• Requirement: Images should not appear in the copy, yet every line of the listing below must be printed exactly.

*** Data block ***

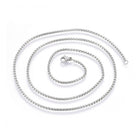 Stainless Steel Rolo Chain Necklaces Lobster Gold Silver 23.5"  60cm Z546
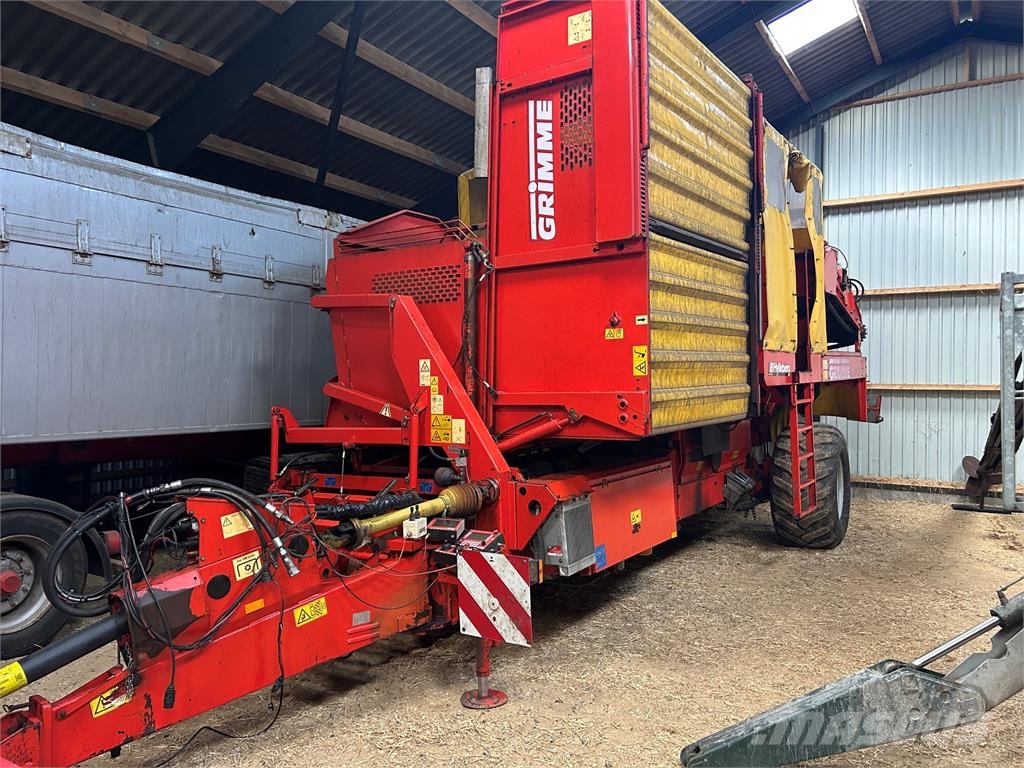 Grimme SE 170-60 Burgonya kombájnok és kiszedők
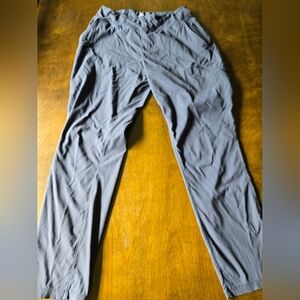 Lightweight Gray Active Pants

*** End of Data block ***

• Exercise response:
 Stainless Steel Rolo Chain Necklaces Lobster Gold Silver 23.5"  60cm Z546
 Grimme SE 170-60 Burgonya kombájnok és kiszedők
 Lightweight Gray Active Pants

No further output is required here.